This section **expects** that you already ran your existing **Section 4** (batch inference).  
That step should produce a CSV at `PREDICTIONS_CSV` with the following columns:

- `record_id`
- `true_major_role` and `pred_major_role` (values in the set: Technician, Specialist, Analyst, Manager, Coordinator, Director, Other)
- `true_minor_role` and `pred_minor_role` (values in the set: I, II, III, Lead)
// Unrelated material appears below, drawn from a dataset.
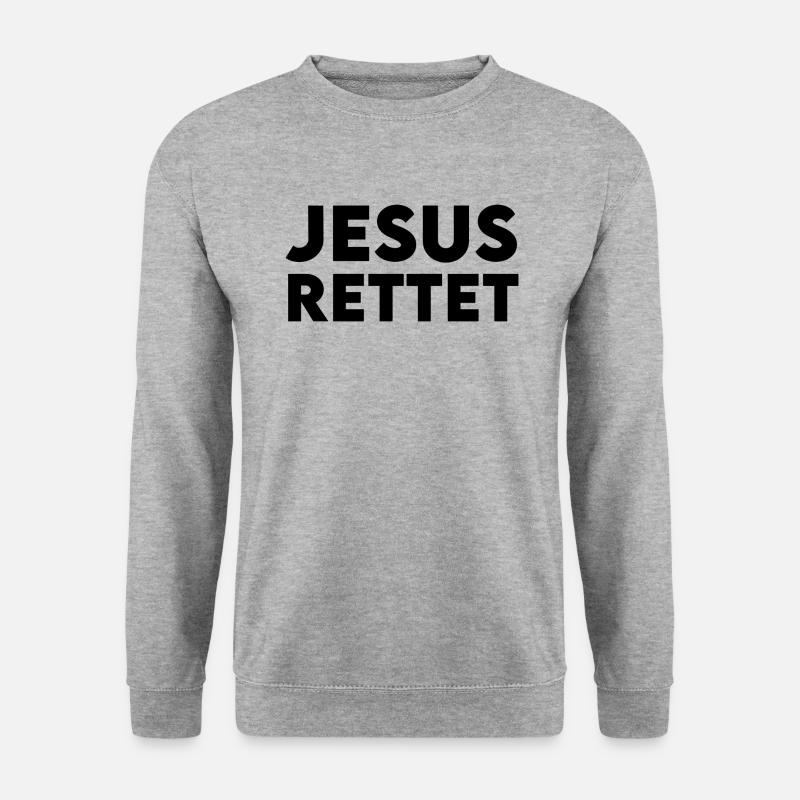 jesus rettet - Unisex Pullover - Weißgrau meliert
> If your column names differ, adjust the constants in Section 2.


In [None]:

preds = load_predictions(PREDICTIONS_CSV)
print(f"Loaded {len(preds):,} predictions")
preds.head(3)



## 5) Major Role Group Evaluation (Accuracy + Cost of Error)
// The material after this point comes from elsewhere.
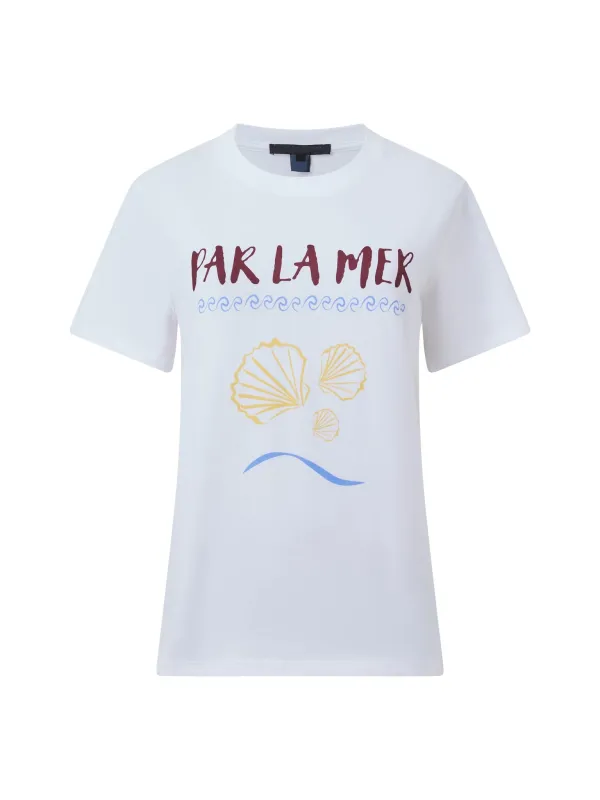 Soft Coastal Print Cotton T-Shirt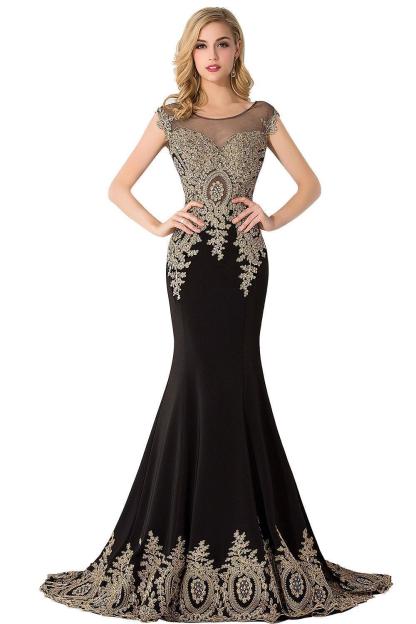 Long Mermaid Appliques Sleeveless Bridesmaid Dresses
- Compute Top‑1 accuracy and error rate for **Major** groups.
- Build a **confusion matrix** to see where misgrouping occurs.
- Build a **cost‑of‑error matrix** using the absolute pay delta between true and predicted groups.
- Check against **acceptable error** gate: ≤ 2%.

Exports:
- `confusion_major.csv`
- `cost_matrix_major.csv`
- `metrics_major.json`


In [None]:

# Accuracy/error for Major
major_acc, major_err, major_correct, major_total = accuracy_and_error_rate(preds, COL_TRUE_MAJOR, COL_PRED_MAJOR)
major_gate_pass = (major_err <= ACCEPTABLE_MAJOR_ERROR_RATE)

# Confusion for Major
cm_major = confusion(preds, COL_TRUE_MAJOR, COL_PRED_MAJOR, MAJOR_CLASSES)
cm_major_path = export_csv(cm_major, "confusion_major.csv")

# Cost-of-error for Major
cost_major = cost_of_error_matrix(preds, COL_TRUE_MAJOR, COL_PRED_MAJOR, COST_MAP_MAJOR, MAJOR_CLASSES)
cost_major_path = export_csv(cost_major, "cost_matrix_major.csv")

# Summaries
cost_summary_major = summarize_costs(preds, COL_TRUE_MAJOR, COL_PRED_MAJOR, COST_MAP_MAJOR)

metrics_major = {
    "accuracy": major_acc,
    "error_rate": major_err,
    "correct": major_correct,
    "total": major_total,
    "accept_error_threshold": ACCEPTABLE_MAJOR_ERROR_RATE,
    "pass_gate": bool(major_gate_pass),
    "cost_summary": cost_summary_major,
    "artifacts": {
        "confusion_major_csv": cm_major_path,
        "cost_matrix_major_csv": cost_major_path
    }
}

metrics_major_path = export_json(metrics_major, "metrics_major.json")
print("Major accuracy:", round(major_acc*100, 2), "%")
print("Major error rate:", round(major_err*100, 2), "%", "| PASS gate:", major_gate_pass)
print("Major cost (total): ${:,.2f} | avg per error: ${:,.2f}".format(
    metrics_major["cost_summary"]["total_cost"],
    metrics_major["cost_summary"]["avg_cost_per_error"],
))
cm_major



## 6) Minor Role Group Evaluation (Accuracy + Cost of Error)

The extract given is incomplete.